As a CASA tenant leader she played a crucial role in the struggle to protect local businesses and make affordable housing a part of the controversial Jerome Avenue rezoning plan. She also stood on the front lines of campaigning for the city’s Certificate of No Harassment program and Right to Counsel law and for the recent reform of state rent-stabilization system.
“She was a defender of people who have been marginalized and from her early days as a teacher and as an artist, her work centered around how she could bring new meaning, bring new leadership to lead people who felt they had no hope. And she brought hope to them,” said Fitzroy Christian, a CASA tenant leader and longtime ally.
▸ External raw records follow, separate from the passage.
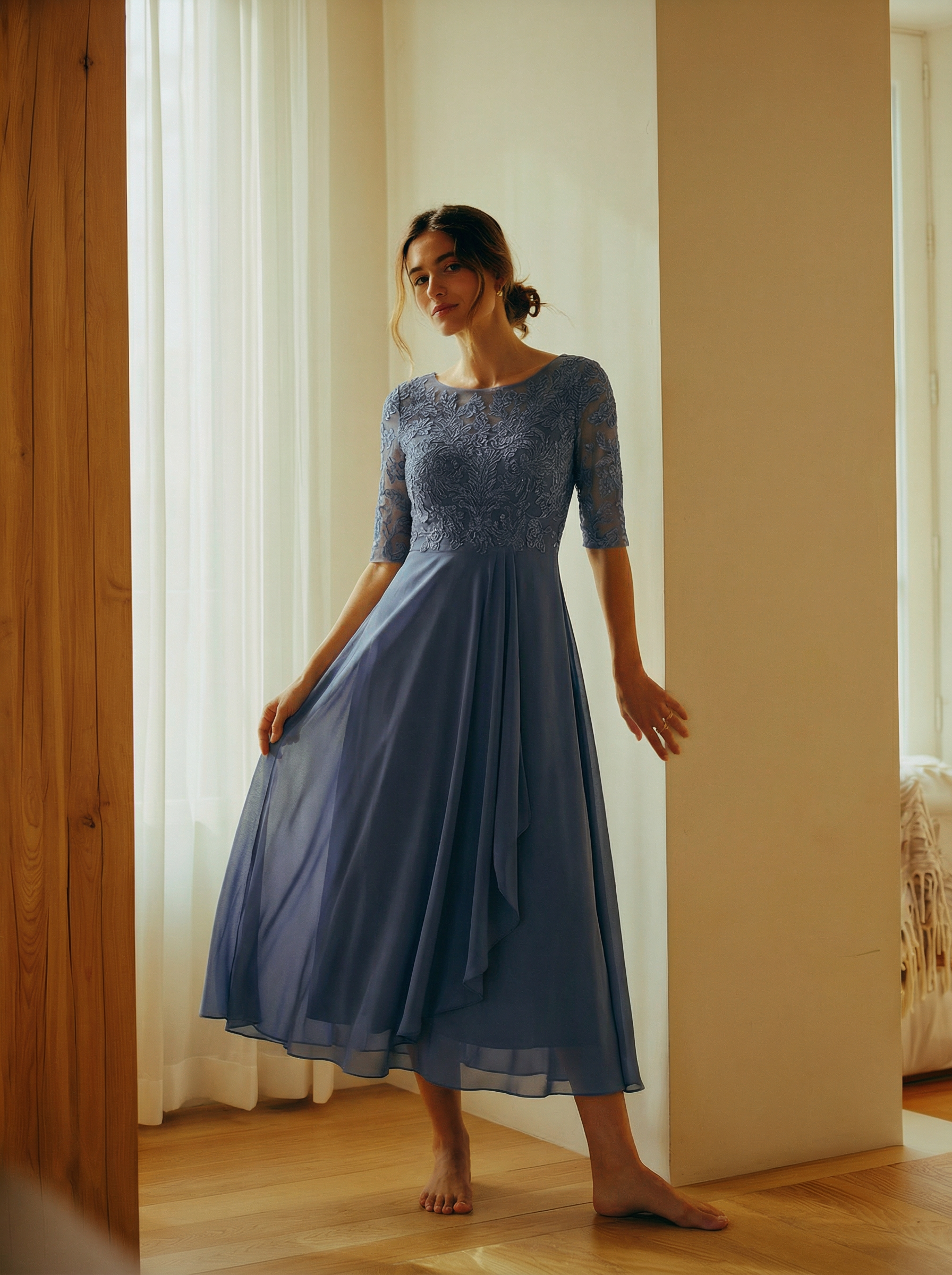 Elowara Lace Midi Dress – A-Line Silhouette with Chiffon Flow & Short Sleeves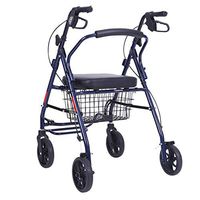 Upright Posture Rolling Walker, Drive Medical Wheel Walking Aid, Super Lightweight Aluminum, Mobility Portable Rollator Walker with 4 Wheel for Seniors,Blue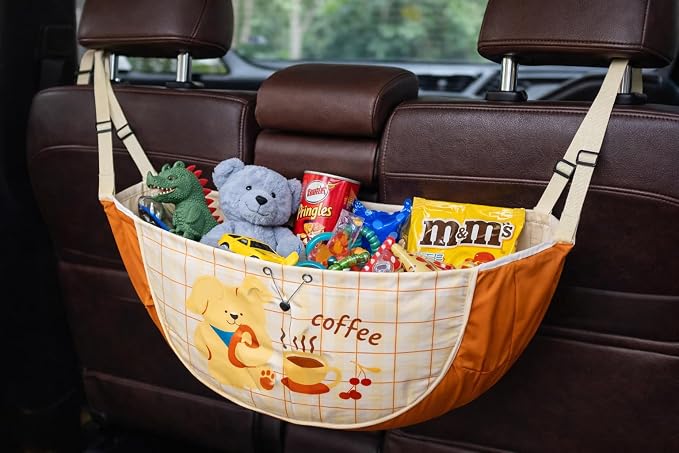 Car Backseat Organizer Bag, 70L Large Hanging Storage for Snacks & Toys, Drawstring Closure, Adjustable Shoulder Strap, Soft Fabric Tote, Coffee Brown (Coffee brown)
As a source for City Limits, Vega-Rivera was always wary of becoming complacent and said she wanted to see her community thrive. She stressed the need to hold the accountable accountable. A deep concern was the threat of displacement. As she wrote in a 2017 City Limits op-ed:
“In our conversations with the city, we discovered that a main challenge of advancing our vision was a lack of consensus about the very nature of displacement. We were told that rezoning doesn’t cause displacement or that tenants are leaving neighborhoods by choice. We and, most importantly, the more than 4,000 CASA members who organize daily, know that displacement is real and that a rezoning which creates additional incentives for landlords to push out low-income tenants could have devastating effects.
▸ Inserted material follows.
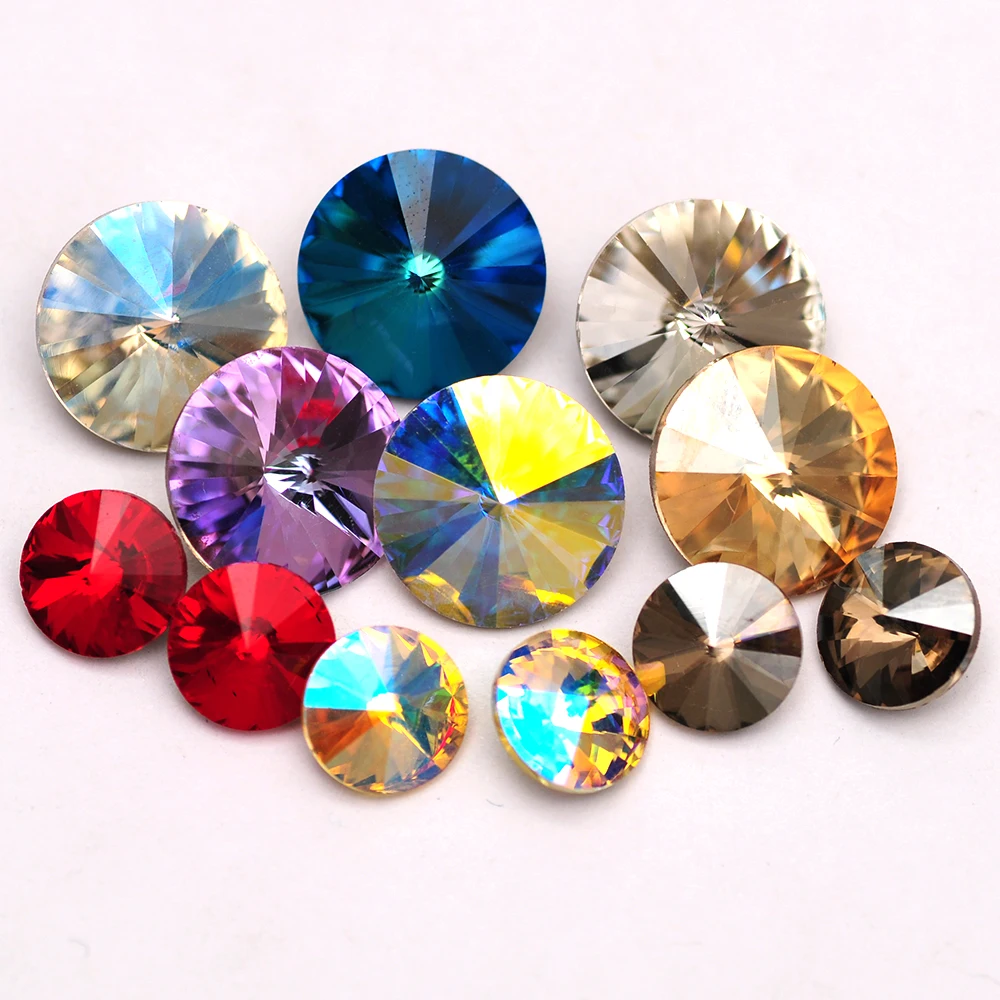 1122 6mm 27pcs Different Color High Quality Strass Crystal Rivoli Shape Fancy  Popular Rhinestone For 3D Nail Art Decorations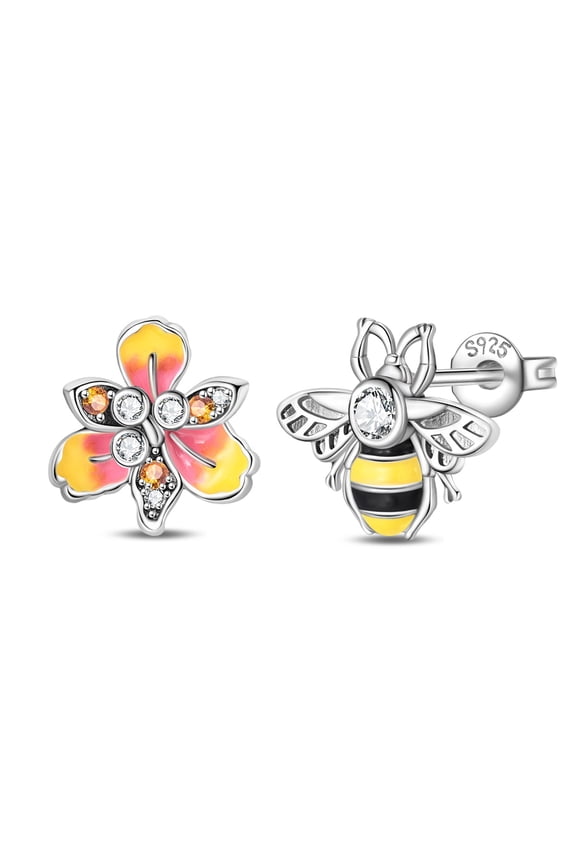 Silver Plated Bee Stud Earring for Women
Let’s start by defining “displacement.” It is forced movement, or movement minus power and choice. Low-income tenants of color in the Southwest Bronx face daily displacement pressures. Unscrupulous landlords employ a variety of tactics to push rent-controlled tenants out of their housing so that they can charge higher rents to higher-income tenants.
She was also active with the Bronx Coalition for a Community Vision (BxCCV) and most recently sat on the Jerome Avenue Public Health Taskforce. Earlier this year, she testified in front of the Charter Revision Commission to demand changes to the city’s land-use process.
“I am thankful for a long working relationship with Carmen that spanned over 10 years. I have fond memories of countless meetings, press conferences, rallies, town halls on important housing issues such as rent regulation, rent freezes, universal rent control, reforming Housing Court and the landmark Right to Counsel Law. Carmen was an important part of every housing issue, served as an active member of the Jerome Task Force and was never afraid to speak up and speak truth to power,” said Councilmember Vanessa Gibson. “I am blessed to have known and worked with Carmen through the years. May her work speak for itself and we always remember her love of the Bronx.”
Her many honors include the Educational Equity Concepts Groundbreaker Award, the Women’s History Month Governor’s Award for Excellence, the El Diario/La Presna – 50 Outstanding Latinas Award, and the Ellen Lurie Award.
ZoneIn Video Tour: A Jerome Avenue Resident’s Take on the Looming Rezoning
Carmen Vega-Rivera walks and talks her Bronx
A month before the Jerome Avenue rezoning passed the City Council, Carmen Vega-Rivera wrote warning city officials to make changes and reconsider the impact on her community, “This rezoning will forever change the Bronx,” and she was not wrong: Jerome Avenue has changed, with new development visible and the famous auto-repair shops disappearing..
This October, despite facing health challenges, Vega-Rivera joined a City Limits panel discussion on the realities of rent reform. She defended the changes in the law, insisting that housing is a human right. but added there was much work to be done in her community. “We need to do a better job informing tenants that the rent laws have changed,” she said. “Through CASA and other tenant organizing groups, we’re getting the word out.”
Carmen Vega-Rivera is survived by her husband, her daughter, her son, five grandchildren and a great grandson.